How to design a cross-chain NFT smart contract

What are Cross-Chain NFTs?

A cross-chain NFT is a smart contract that can exist on any blockchain, abstracting away the need for users to understand which blockchain they’re using.

Typically, NFT movements from one chain to another are eye-catching events, but this simple fact brings up a larger question of the reliability and security of Web3’s middleware infrastructure. In a seamless cross-chain world, moving digital assets from one chain to another should be as normal as submitting a transaction on the same blockchain.

When an NFT moves from one blockchain to another, it becomes a cross-chain NFT.

How Do Cross-Chain NFTs Work?

At a high level, an NFT is a digital token on a blockchain with a unique identifier different from any other token on the chain.

Any NFT is implemented by a smart contract that is intrinsically connected to a single blockchain. The smart contract is arguably the most important part of this equation because it controls the NFT implementation: How many are minted, when, what conditions need to be met to distribute them, and more. This means that any cross-chain NFT implementation requires at least two smart contracts on two blockchains and interconnection between them.

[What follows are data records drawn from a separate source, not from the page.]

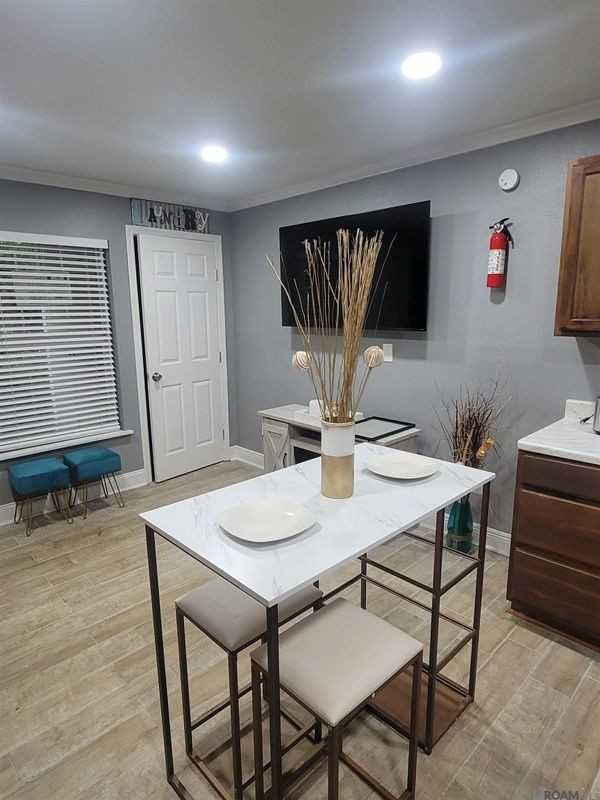 281 Chatsworth St - Photo 2 of 7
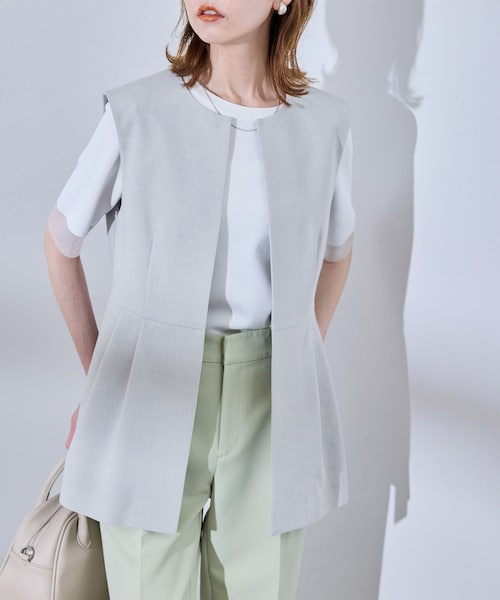 ROPE' PICNIC(ロペピクニック)の「【UV対応】【リネンライク・シリーズ】ペプラムジレベスト/通勤・セットアップ対応(ベスト・レディース・グレー/グレー系/ダークブラウン/ネイビー・38)」の2枚目の写真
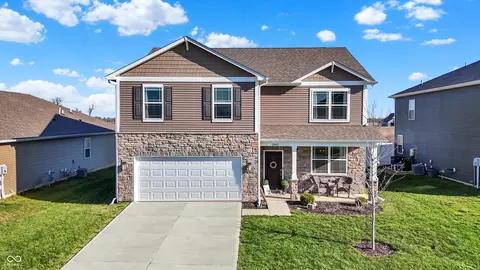 2042 Downey Ln, Greenfield, IN 46140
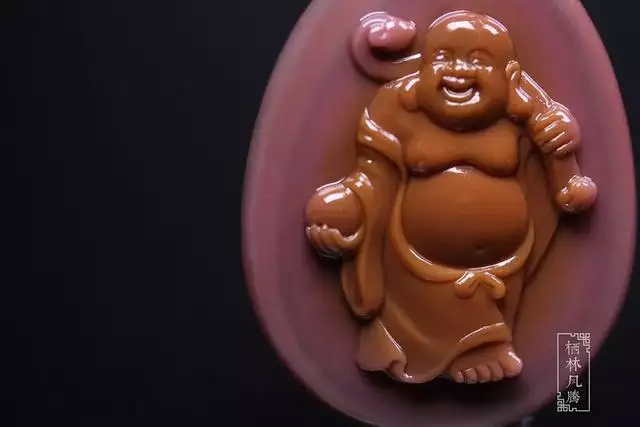 属狗的人佩戴什么招财，属狗的人佩带什么水晶能旺财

This is what a cross-chain NFT looks like - equivalent NFTs that exist across multiple blockchains.

With this in mind, cross-chain NFTs can be implemented in three ways:

• Burn-and-mint: An NFT owner puts their NFT into a smart contract on the source chain and burns it, in effect removing it from that blockchain. Once this is done, an equivalent NFT is created on the destination blockchain from its corresponding smart contract. This process can occur in both directions.

• Lock-and-mint: An NFT owner locks their NFT into a smart contract on the source chain, and an equivalent NFT is created on the destination blockchain. When the owner wants to move their NFT back, they burn the NFT and it unlocks the NFT on the original blockchain.

• Lock and unlock: The same NFT collection is minted on multiple blockchains. An NFT owner can lock their NFT on a source blockchain to unlock the equivalent NFT on a destination blockchain. This means only a single NFT can actively be used at any point in time, even if there are multiple instances of that NFT across blockchains.

CCIP Token Transfer Mechanisms

At this Masterclass, we are going to implement the Burn-and-Mint mechanism

In each scenario, a cross-chain messaging protocol in the middle is necessary to send data instructions from one blockchain to another.

How to use Chainlink CCIP to create Cross-Chain NFTs?

To build Cross-Chain NFTs with Chainlink CCIP, let's first understand what one can do with Chainlink CCIP. With Chainlink CCIP, one can:

• Transfer (supported) tokens

• Send any kind of data

• Send both tokens and data

CCIP sender can be:

• EOA

• Any smart contract

CCIP receiver can be:

• EOA

• Any smart contract that implements CCIPReceiver.sol

CCIP Transfer options

Implementing Burn-and-Mint model

To implement Burn-and-Mint model using Chainlink CCIP, we will on cross-chain transfer function burn an NFT on the source blockchain (Arbitrum Sepolia) and send the cross-chain message using Chainlink CCIP. We will need to encode to and from addresses, NFT's tokenId and tokenURI so we can mint exactly the same NFT on the destination blockchain once it receives a cross-chain message.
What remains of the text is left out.